Techs must be able to gather data and apply critical thinking to diagnose problems in a vehicle’s electronic system, he says. That amounts to more than just repairing or replacing a part, he adds.

Mark Lestico, parts manager and fixed ops director at Cerritos Acura in Cerritos, Calif., concurs. A two-year degree from a community college automotive program is “a must” for service techs to learn electrical diagnostic skills, he says.

“The days of hiring a young person off the street and training them to become a tech are pretty much gone,” Lestico says.

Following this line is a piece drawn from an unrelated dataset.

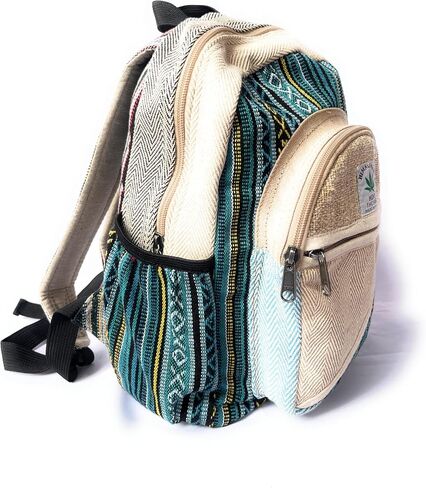 حقيبة ظهر صغيرة من القنب والقطن باللون الأزرق، حقيبة ظهر هيبي (BAG-003-SM) in Saudi Arabia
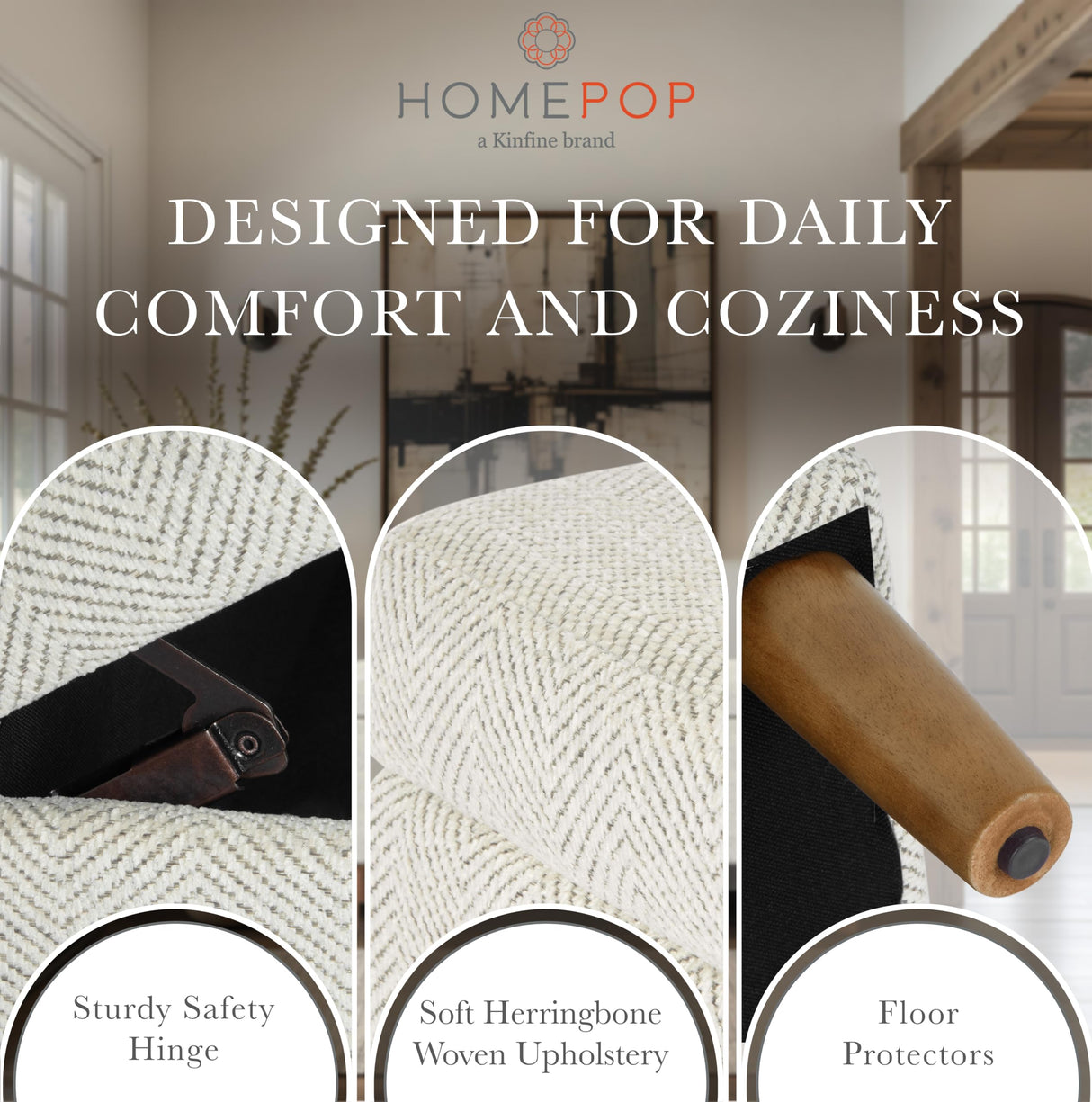 HomePop Malmo Decorative Storage Bench -Cream Chevron Woven HomePop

Cerritos Acura has hired at least a dozen Rio Hondo graduates since Honda began partnering with the college in 2010, Lestico says. He adds that 7 of his 20 service techs graduated from the Rio Hondo PACT program.

In house

The Greater New York Automobile Dealers Association has taken a different approach to tech training. In 2005, association members paid $30 million to build an automotive training and education center in Whitestone, N.Y.

The dealer association partners with Lincoln Technical Institute, a nationwide network of private, for-profit career training schools. About 500 students are enrolled in the 13-month auto technology program at the New York center.

Schienberg: “Built-in recruitment”

Students with good grades earn internships at dealerships, says Mark Schienberg, the association’s president. That creates “a built-in recruitment” process for dealers, he adds.

The chronic shortage of service techs costs dealerships a lot of money, says Rob Gehring, president of Fixed Performance Inc., a fixed ops consultancy in Huron, Ohio. A service department that lacks techs can lose customers who can’t schedule timely appointments, he notes.

Dealership-school partnerships to train service techs “need to be expanded,” Gehring says.

Talent competition

Collin Sewell, president of Sewell Family of Cos. in Odessa, Texas, says service techs have the same skills as computer engineers, making them more attractive to employers in other fields.

Sewell says his dealership group invests $100,000 in a year of training for a starting tech.

Dealerships must offer a competitive work culture and environment to attract and keep good techs, he says.

“There is not a shortage of people who know how to do those things — there is a shortage of people willing to do it,” Sewell says. “The person who can write code for a computer company is … sitting in a cool office sipping a cappuccino.”

The service and parts department in Sewell’s new Ford Lincoln dealership in Odessa, due to open next spring, will be climate-controlled and include a locker room and showers.

At the Optimist school’s auto shop, teacher Kies seeks something more basic for his students — more cars to work on. The supply now is limited to faculty cars that need service.

Kies also hopes to line up internships with area dealerships, although many of his students don’t yet have driver’s licenses. He says his class offers students “a pipeline to community colleges and trade schools.”

Kies adds, “Without the Optimist Youth Homes, a lot of them wouldn’t even graduate high school.”